I think it is partly the hormones of the day, but I have been prone to out bursts of tears this afternoon. Tears for how it ‘should’ be, and tears for what might not happen in our lives, and tears of fear about all the unknowns of the future.
A friend recommended a book to me that I have been devouring. It is breaking me and healing me all at the same time. It really struck me today that we have no idea what it will mean for us to walk down the journey of parenthood. All of the tears we have cried for these lost babies, are drawing us closer to God, or at least that is my hope. In our suffering we identify more with God and know our need for him more clearly than ever. In the book, Holding onto Hope, a story about finding God’s heart in the midst of our suffering, Nancy Guthrie talks about how we so often pray for healing and then add in a P.S. “if it’s your will.” She asks the question,”shouldn’t we switch that around? Shouldn’t we cry out to God with boldness and passion and persistence in a prayer that says, ‘God, would you please accomplish your will? Would you give me a willing heart to embrace your plan and you purpose? Would you mold me into a vessel that you can use to accomplish what you have in mind?’ And then, perhaps, you could add a tiny P.S. that says, ‘If that includes healing, we will be grateful.” (88)
I want to be praying that prayer. I want God’s will to be done in my life, and in our family. I know friends who have had lost children. I have seen them walk with dignity through something that I can never ever imagine having to do. I know people raising children with learning disabilities and with emotional difficulties and I am suddenly all the more aware that we have no idea what God’s plan is for our family. If we are asking for God to bless us with a child we must be praying for God’s will to be accomplished through us receiving this gift. We have no idea what God may be asking of us but whatever is to come we can trust it is God’s good and perfect will and we can receive the peace He promises us comes with that.

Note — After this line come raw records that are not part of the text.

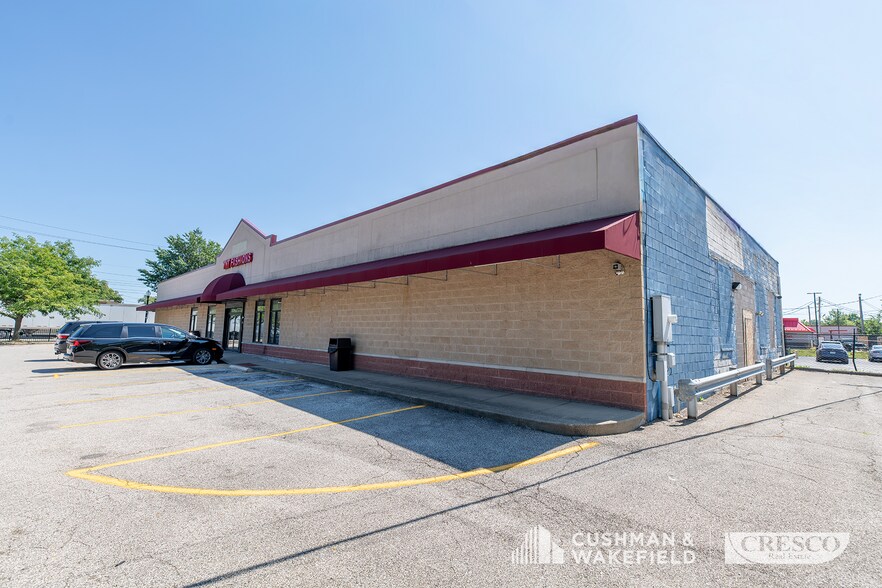 More Photos Of 6500 Broadway Ave, Cleveland General Retail For Sale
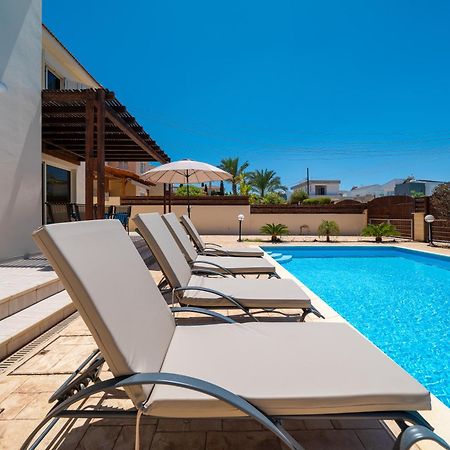Atlantica 4 Bedroom Villa Near The Beach Protaras Exterior foto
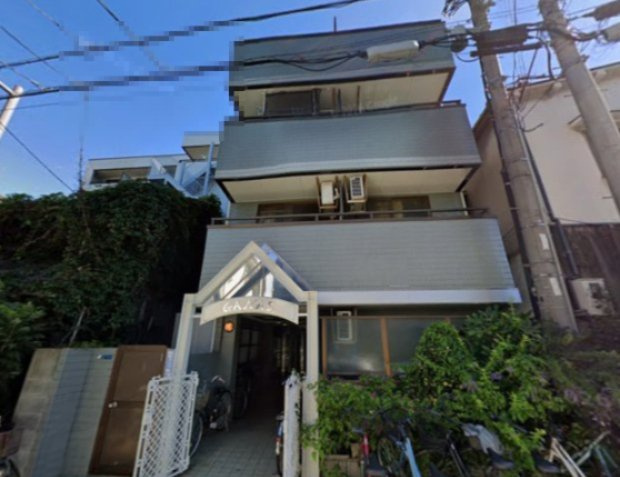 ガナスの外観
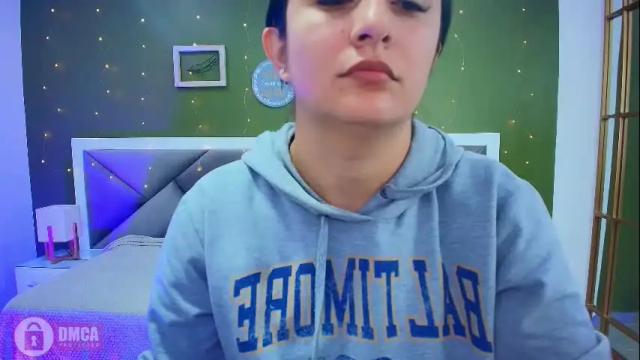 Image 11 of alina_martinelli Stream on Chaturbate on 1 month ago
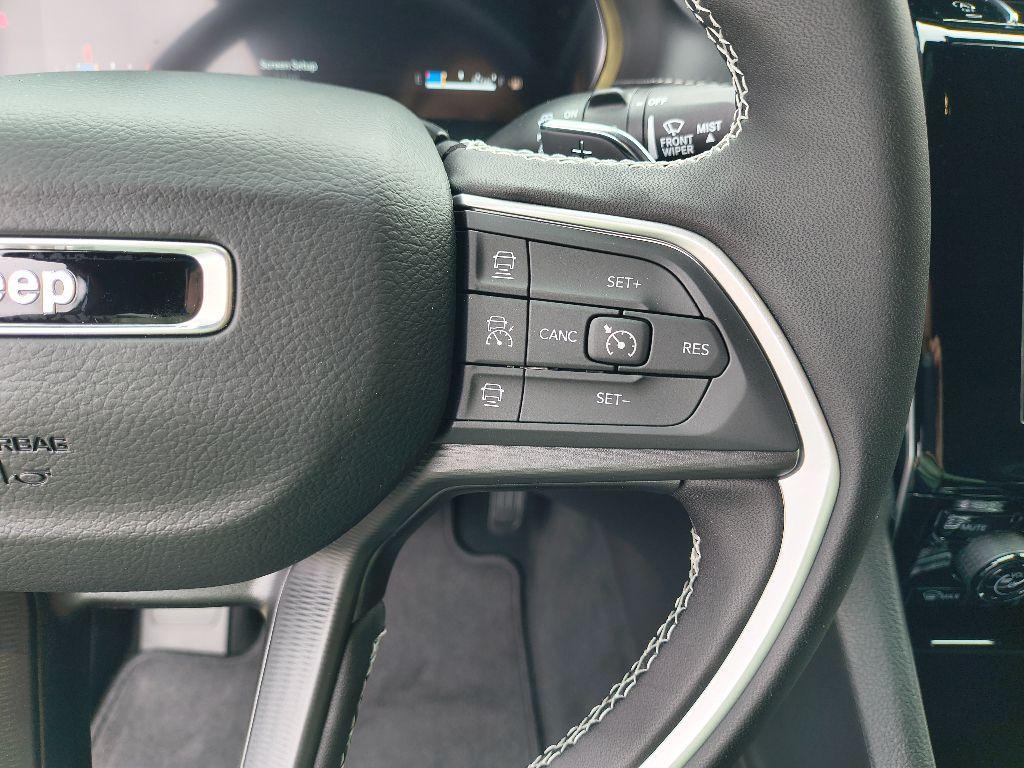 new 2025 Jeep Grand Cherokee car, priced at $40,975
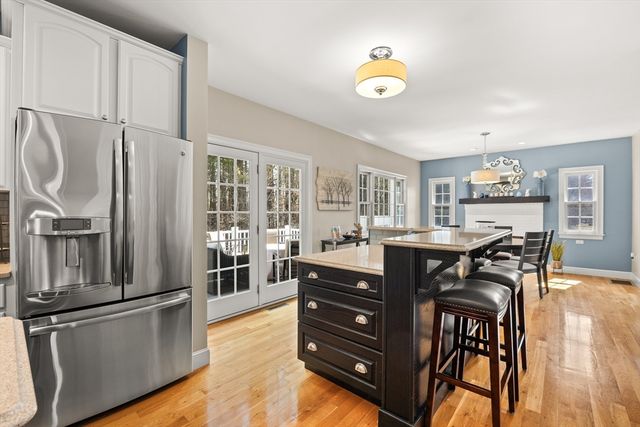 100 Chestnut St, East Bridgewater, MA 02333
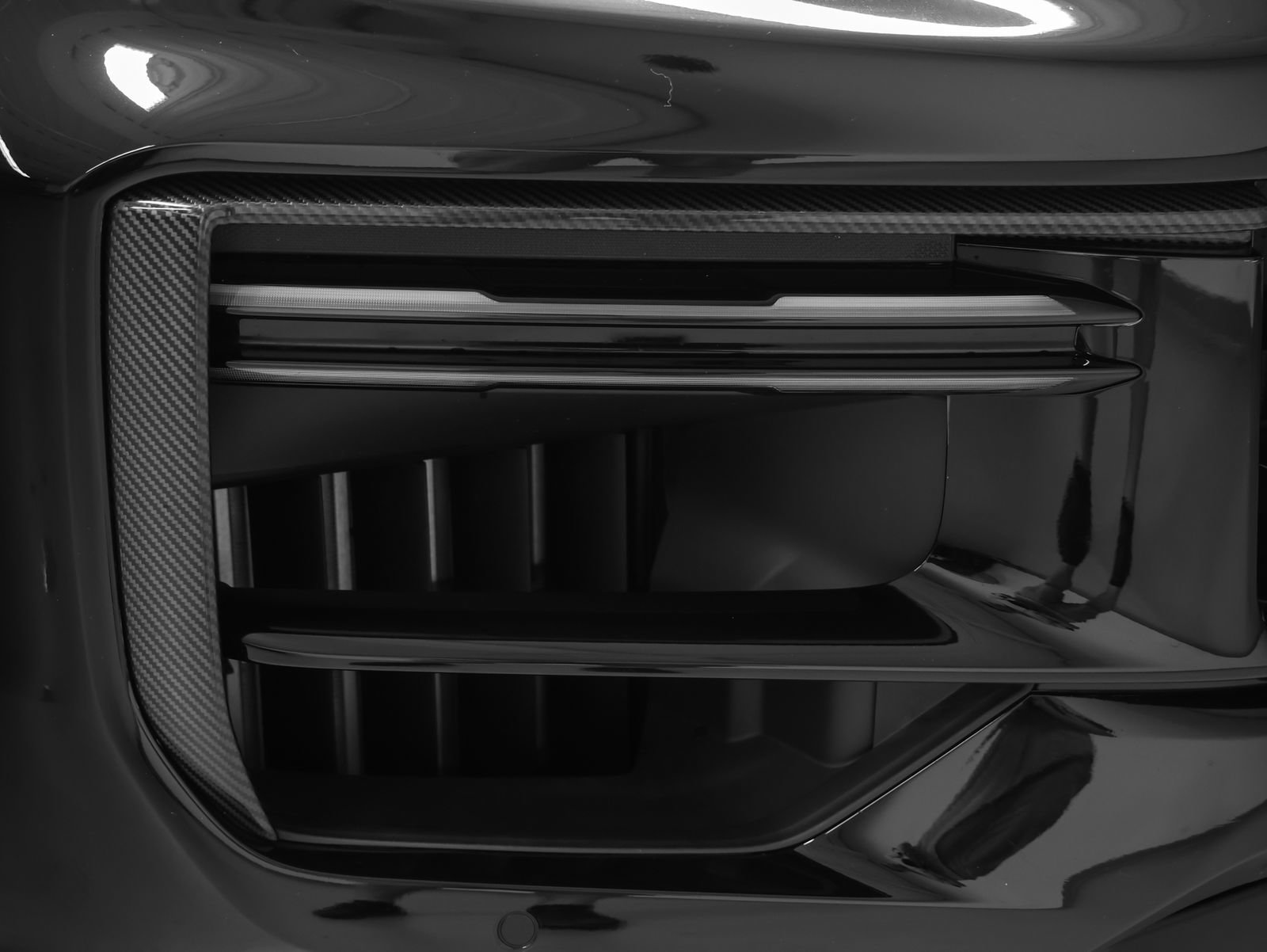 Certified 2024 Porsche Cayenne Turbo AWD/4WD image 19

In all the fun we have been having this fall so far, the leaves turning colour are a reminder that this is just a season. Soon enough the pumpkins will be gone and (hopefully) the snow will be falling, and then soon after that, the bulbs will start to break through the cold hard earth to signal spring…and so on, and so on forever. This is a season too. We are enjoying the fall activities and food, time with friends and the reminder to be thankful, but we are also mourning the loss of our pregnancies, and we are grieving that this process is not the simple and joyful experience we thought it would be.
We continue to seek God’s face. We know that there are new seasons coming. We hope it will include a child, (or two or three of them); we know we will see our marriage continue to evolve and transform, yet, we do not know the fine detail of these events. We have no guarantees in life other than God’s faithfulness, and so we pray “Your will be done in our lives Lord.”